- PROBLEM STATEMENT
The records that follow are to be repeated exactly, with no pictures carried over.

______________________________

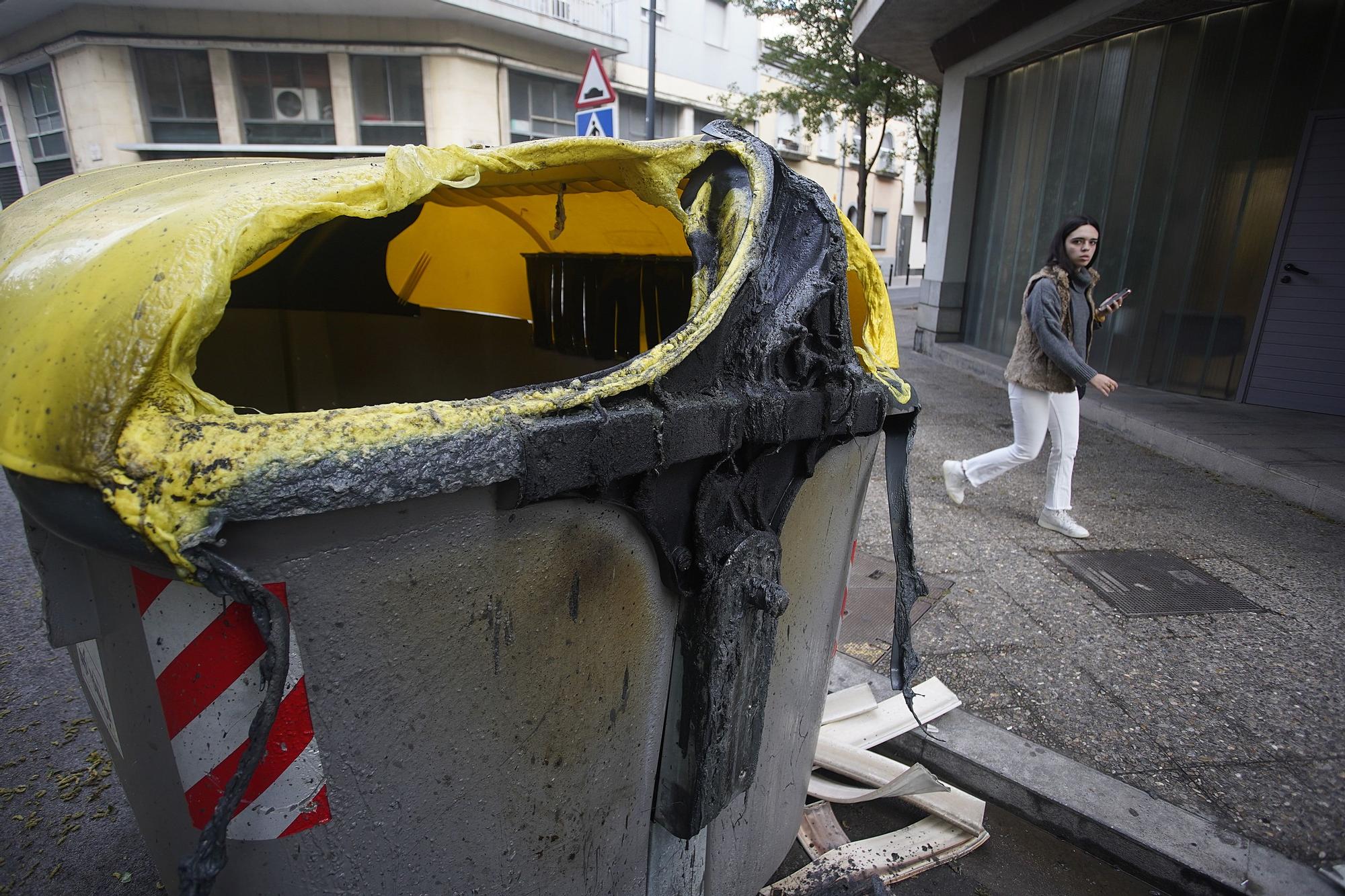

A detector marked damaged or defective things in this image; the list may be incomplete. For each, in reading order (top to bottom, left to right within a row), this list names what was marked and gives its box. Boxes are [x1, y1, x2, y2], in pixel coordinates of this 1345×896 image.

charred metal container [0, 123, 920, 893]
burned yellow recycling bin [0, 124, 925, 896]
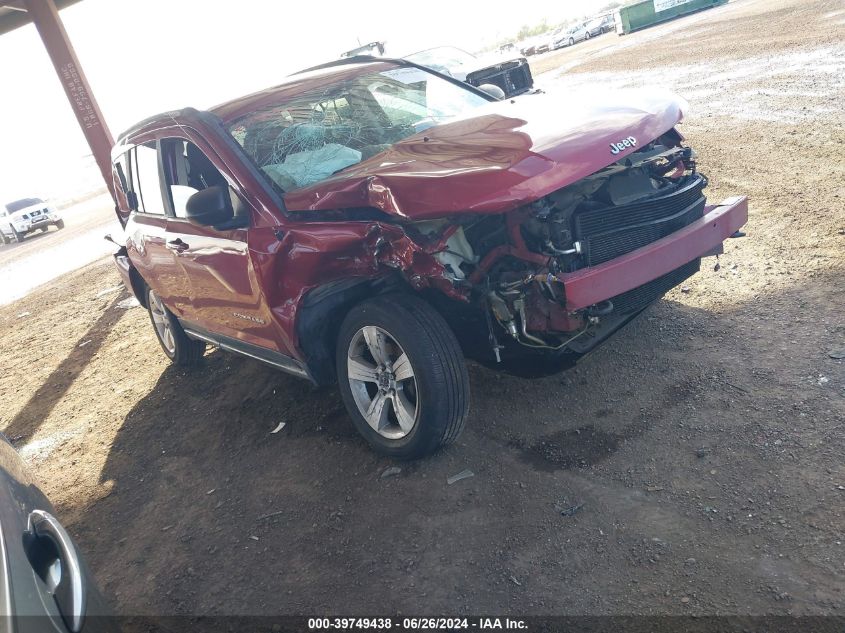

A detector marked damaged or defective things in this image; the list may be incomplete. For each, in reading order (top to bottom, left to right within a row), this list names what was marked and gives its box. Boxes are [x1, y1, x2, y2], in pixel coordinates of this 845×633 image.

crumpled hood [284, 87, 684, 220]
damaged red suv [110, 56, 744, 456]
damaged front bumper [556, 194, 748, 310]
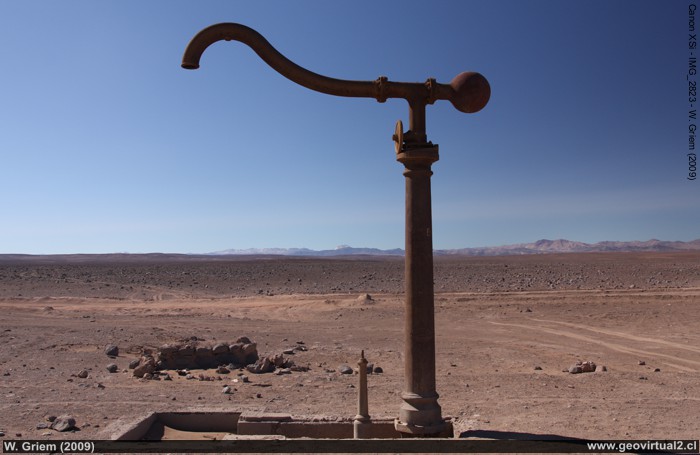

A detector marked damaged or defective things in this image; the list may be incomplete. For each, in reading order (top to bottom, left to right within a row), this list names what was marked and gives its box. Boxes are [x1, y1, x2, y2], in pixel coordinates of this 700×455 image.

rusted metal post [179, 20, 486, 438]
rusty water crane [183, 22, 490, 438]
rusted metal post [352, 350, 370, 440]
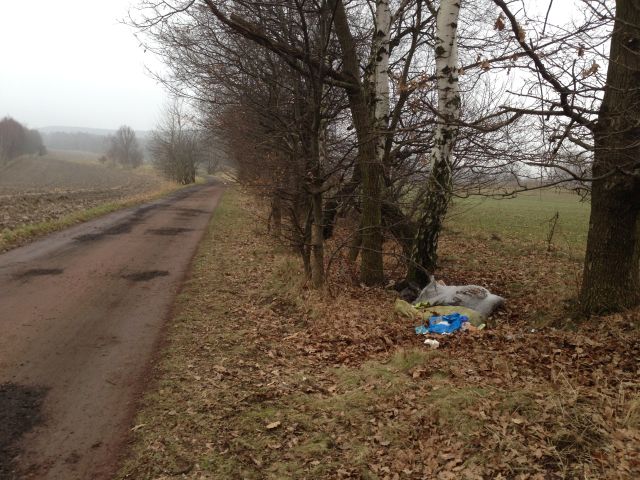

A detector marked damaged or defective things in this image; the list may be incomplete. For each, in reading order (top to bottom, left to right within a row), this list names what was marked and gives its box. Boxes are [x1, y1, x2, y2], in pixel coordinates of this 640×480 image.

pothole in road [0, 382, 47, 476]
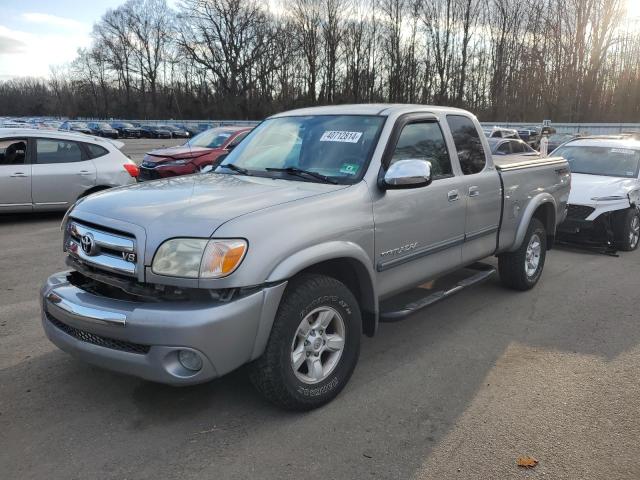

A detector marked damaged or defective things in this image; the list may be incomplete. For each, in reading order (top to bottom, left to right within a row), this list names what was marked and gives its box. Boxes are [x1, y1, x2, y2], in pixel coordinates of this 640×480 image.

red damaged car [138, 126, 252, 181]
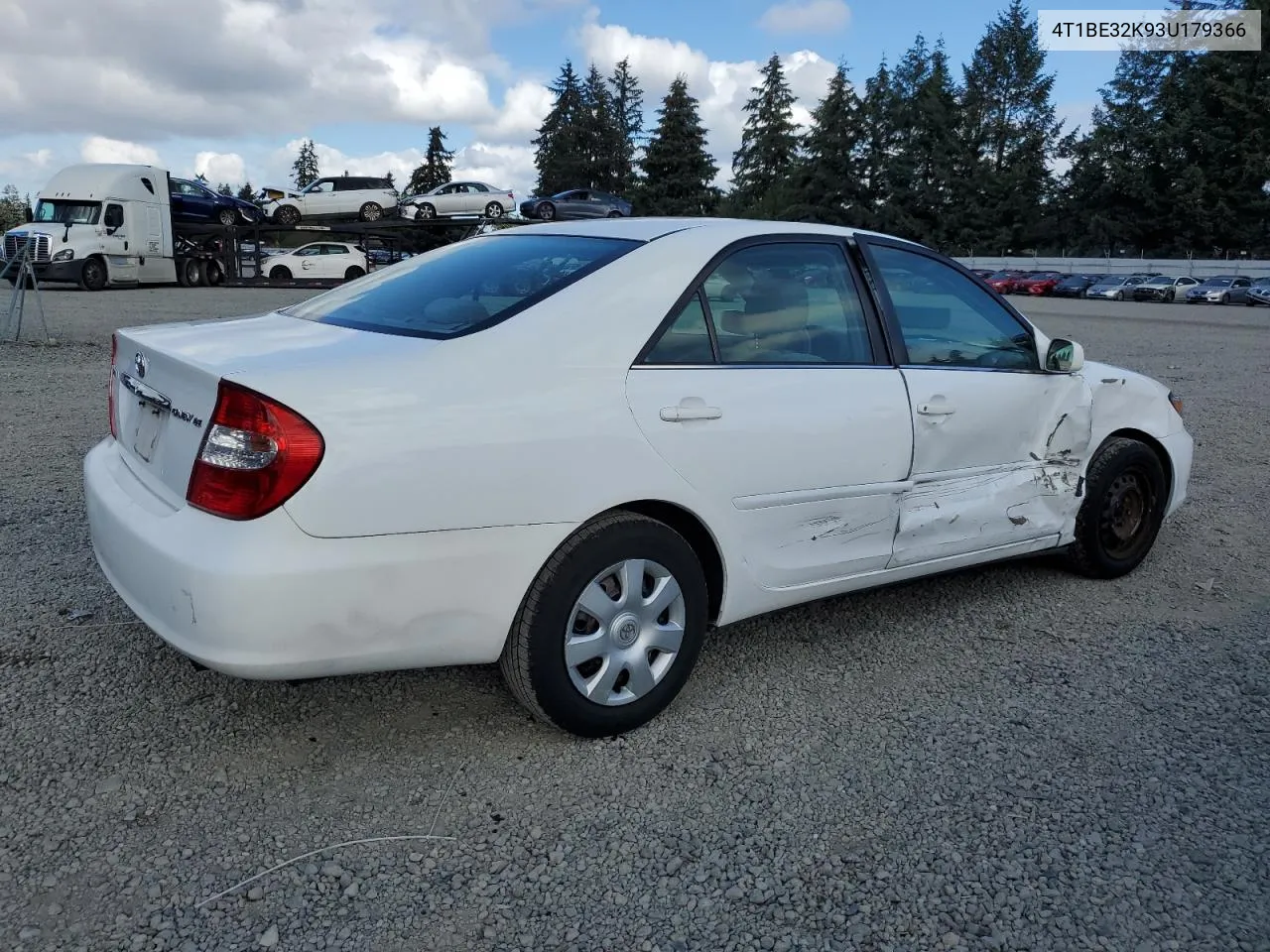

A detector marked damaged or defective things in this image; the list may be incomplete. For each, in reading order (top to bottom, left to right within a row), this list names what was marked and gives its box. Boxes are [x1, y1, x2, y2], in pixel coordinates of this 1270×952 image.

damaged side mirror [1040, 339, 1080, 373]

______________________________

- ANSWER TO THIS EXERCISE
A detector marked damaged or defective things in this image; the list may be incomplete. For each, in reading order (top to bottom, left to right within a row), this list names what was marked and gives its box. Boxes are [x1, y1, x2, y2], in pixel coordinates of this 1345×896 image.

charred metal container [0, 123, 920, 893]
burned yellow recycling bin [0, 124, 925, 896]

A detector marked damaged or defective things in this image; the list may be incomplete. For each, in reading order (top to bottom, left to right within a row), this list names what was marked and gives its box. Boxes are [x1, y1, x2, y2], in pixel coordinates of this 845×633 image.

crumpled hood [284, 87, 684, 220]
damaged red suv [110, 56, 744, 456]
damaged front bumper [556, 194, 748, 310]

A detector marked damaged or defective things in this image; the list may be incomplete. For each, in reading order (top to bottom, left to right within a row), this list names what was marked and gives its box. Boxes are [x1, y1, x2, y2], in pixel coordinates of this 700×455 image.

rusted metal post [179, 20, 486, 438]
rusty water crane [183, 22, 490, 438]
rusted metal post [352, 350, 370, 440]

A detector marked damaged or defective things in this image; the list may be incomplete. For each, in reading order (top to bottom, left to right within a row), this list names what was marked and gives its box. Boxes are [x1, y1, x2, y2], in pixel coordinates of this 640×480 image.

pothole in road [0, 382, 47, 476]

A detector marked damaged or defective things in this image; the list may be incomplete. For each, in reading order (top to bottom, left to right within a row), this list names what was marked and gives its box. Boxes are [x1, y1, x2, y2], in pixel coordinates of this 640×480 image.

red damaged car [138, 126, 252, 181]

A detector marked damaged or defective things in this image; the list may be incomplete. For each, in reading order (top to bottom, left to right within a row), this list names what was marked and gives its box. Boxes are [x1, y1, x2, y2], in pixel coordinates of this 1270×952 image.

damaged side mirror [1040, 339, 1080, 373]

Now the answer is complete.